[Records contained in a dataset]
━━━━━━━━━━━━━━━━━━━━
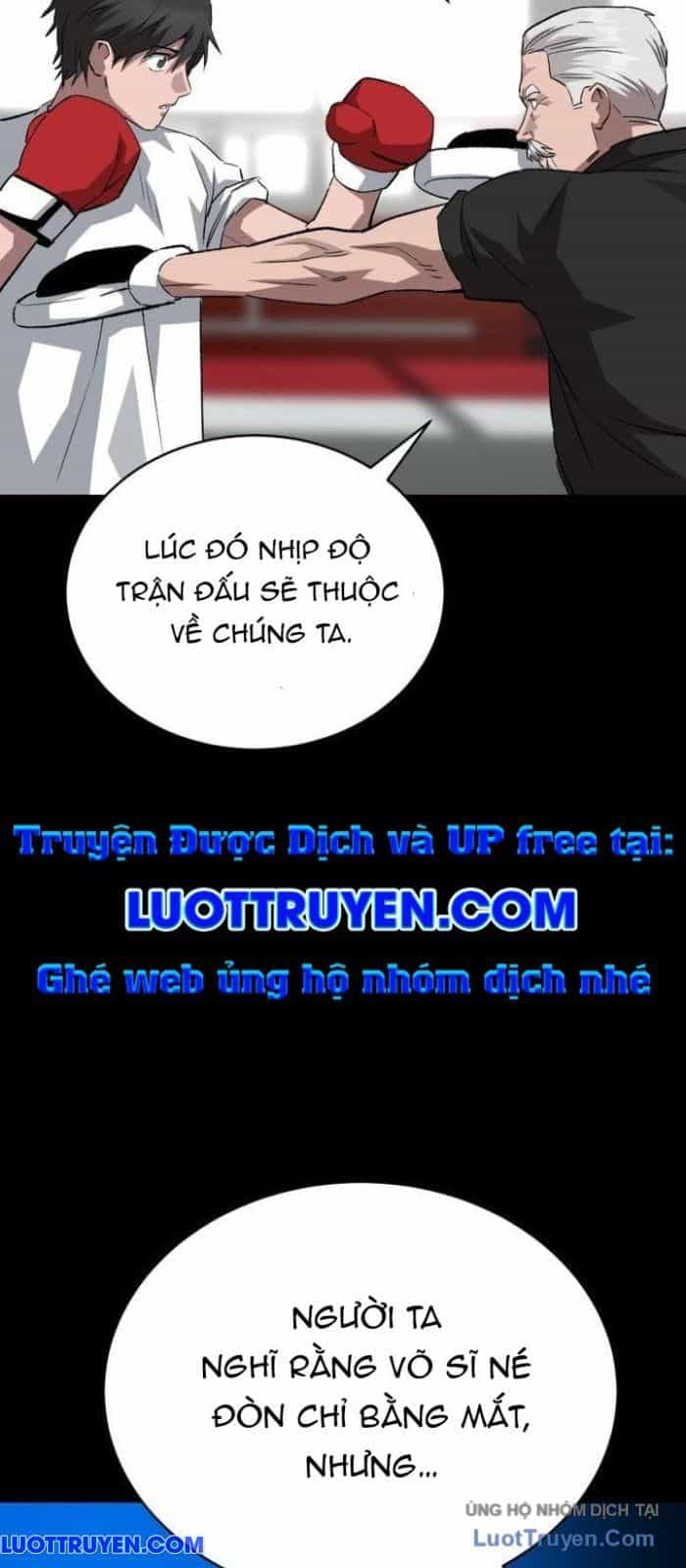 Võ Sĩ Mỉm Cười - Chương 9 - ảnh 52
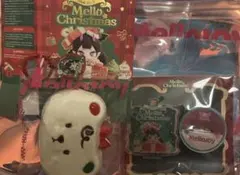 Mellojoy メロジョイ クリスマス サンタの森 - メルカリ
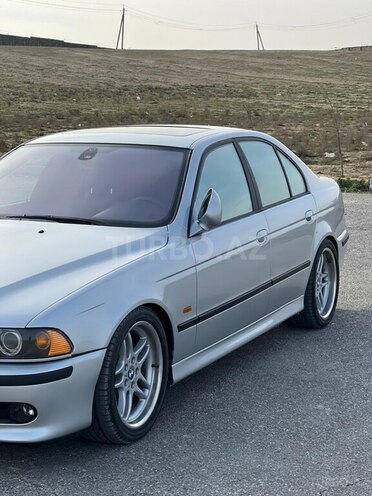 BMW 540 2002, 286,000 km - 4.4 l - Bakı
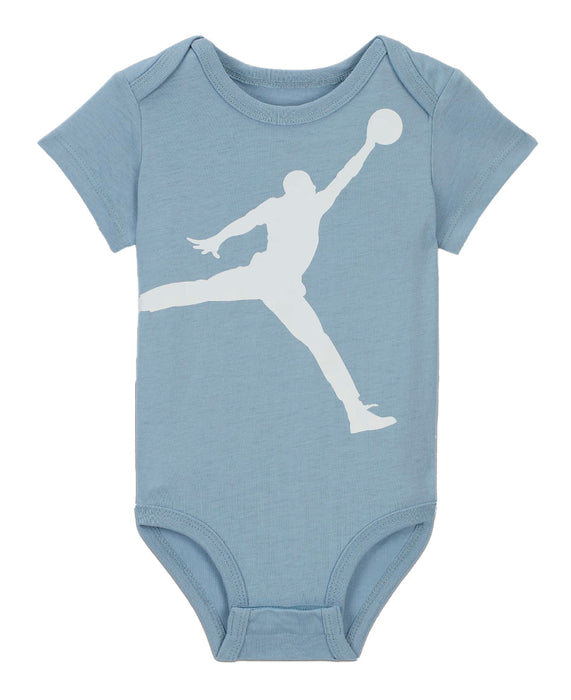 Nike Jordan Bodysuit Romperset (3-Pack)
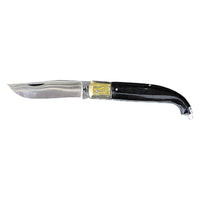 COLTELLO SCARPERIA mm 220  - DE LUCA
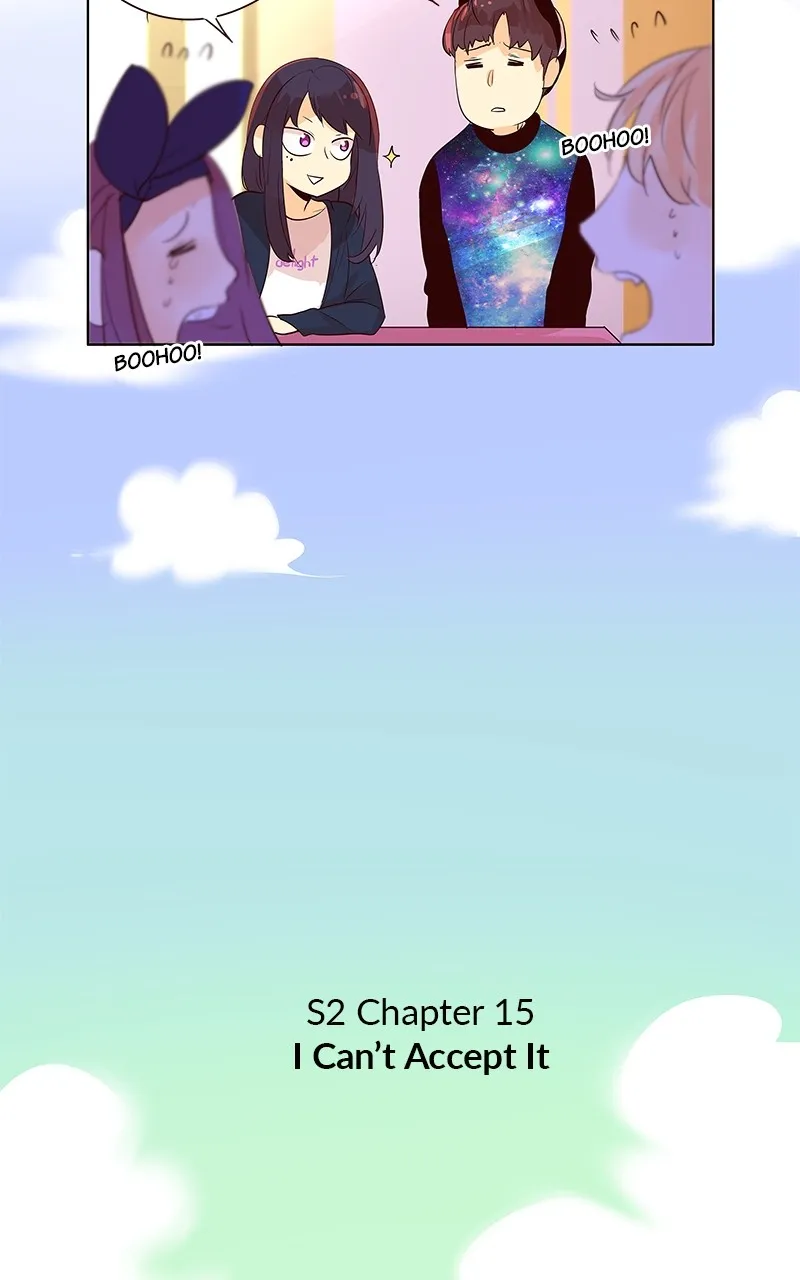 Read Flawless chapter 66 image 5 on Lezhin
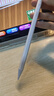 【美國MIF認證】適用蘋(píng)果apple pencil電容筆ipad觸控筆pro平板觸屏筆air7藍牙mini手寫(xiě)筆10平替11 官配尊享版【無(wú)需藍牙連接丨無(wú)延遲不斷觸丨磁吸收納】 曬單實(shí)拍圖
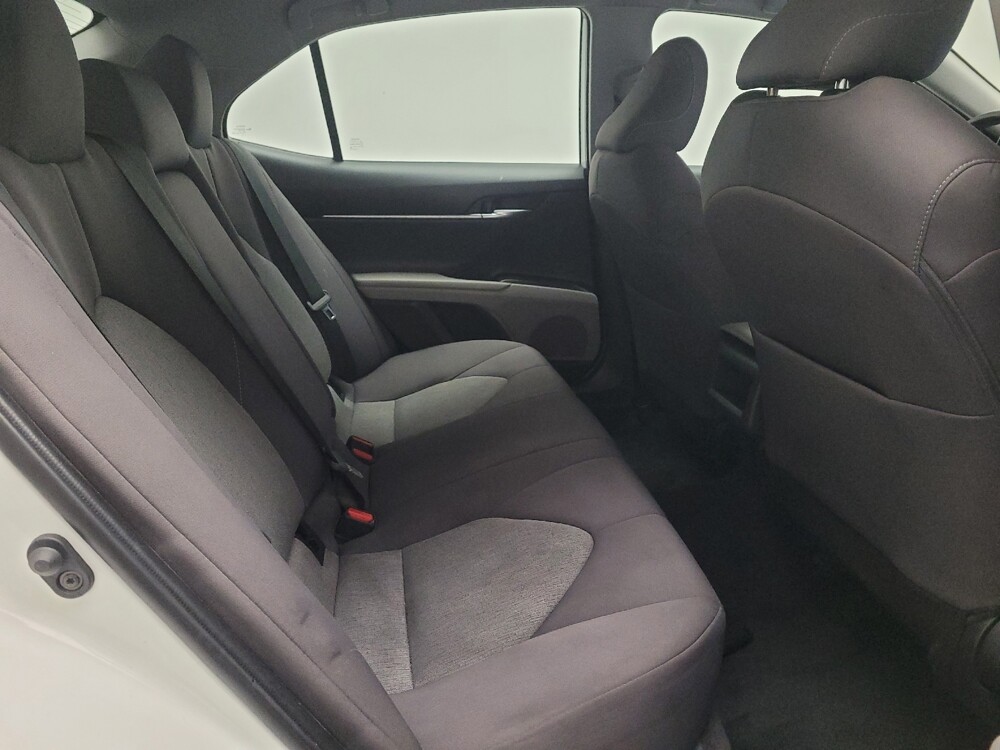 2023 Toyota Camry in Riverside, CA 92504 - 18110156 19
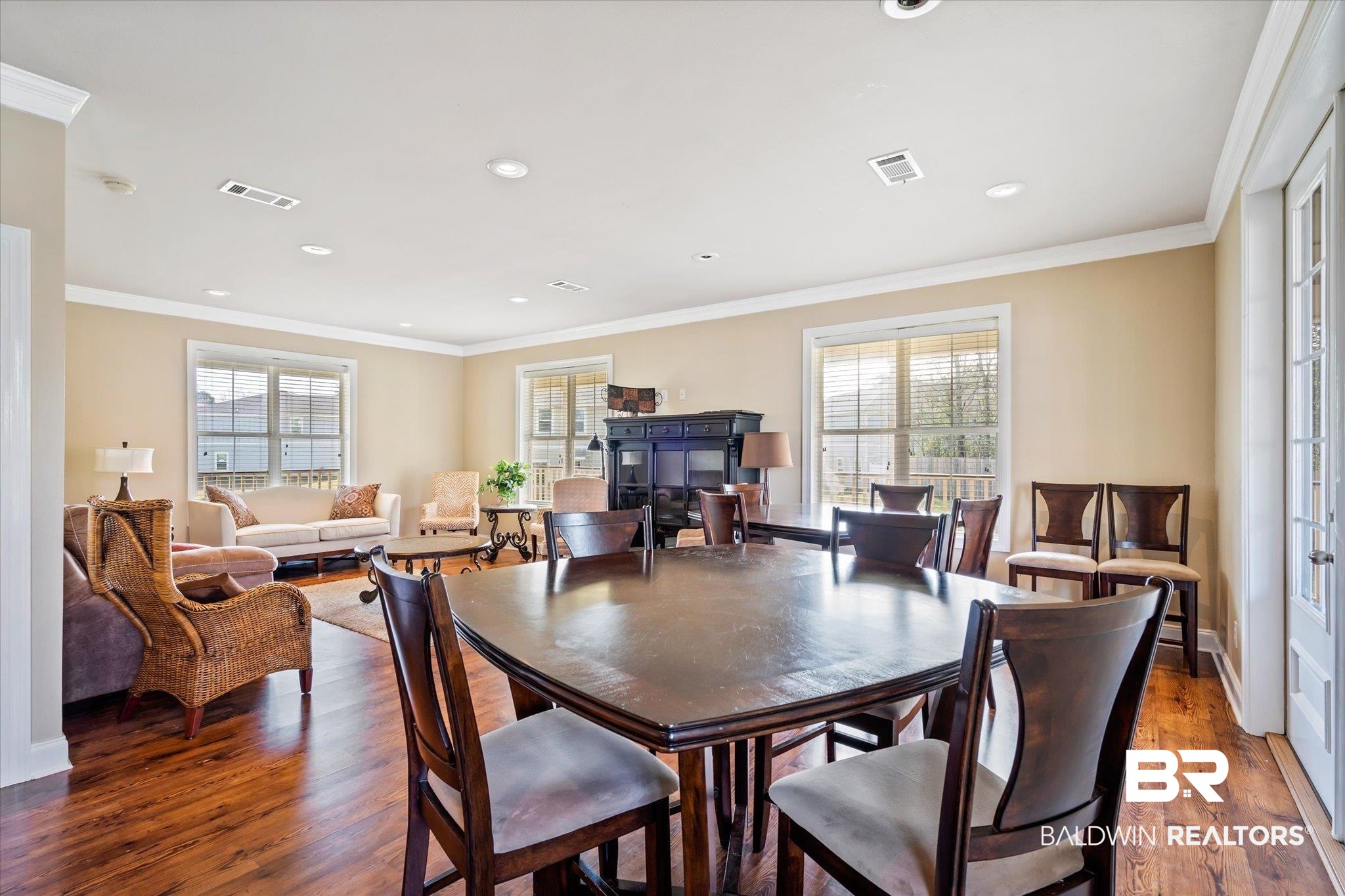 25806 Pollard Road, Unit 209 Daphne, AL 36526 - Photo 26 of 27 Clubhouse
━━━━━━━━━━━━━━━━━━━━
_WORK INSTRUCTIONS_
In the answer, the entries should be restated verbatim, with all pictures omitted.

_RESULT FOR THIS TASK_
 Võ Sĩ Mỉm Cười - Chương 9 - ảnh 52
 Mellojoy メロジョイ クリスマス サンタの森 - メルカリ
 BMW 540 2002, 286,000 km - 4.4 l - Bakı
 Nike Jordan Bodysuit Romperset (3-Pack)
 COLTELLO SCARPERIA mm 220  - DE LUCA
 Read Flawless chapter 66 image 5 on Lezhin
 【美國MIF認證】適用蘋(píng)果apple pencil電容筆ipad觸控筆pro平板觸屏筆air7藍牙mini手寫(xiě)筆10平替11 官配尊享版【無(wú)需藍牙連接丨無(wú)延遲不斷觸丨磁吸收納】 曬單實(shí)拍圖
 2023 Toyota Camry in Riverside, CA 92504 - 18110156 19
 25806 Pollard Road, Unit 209 Daphne, AL 36526 - Photo 26 of 27 Clubhouse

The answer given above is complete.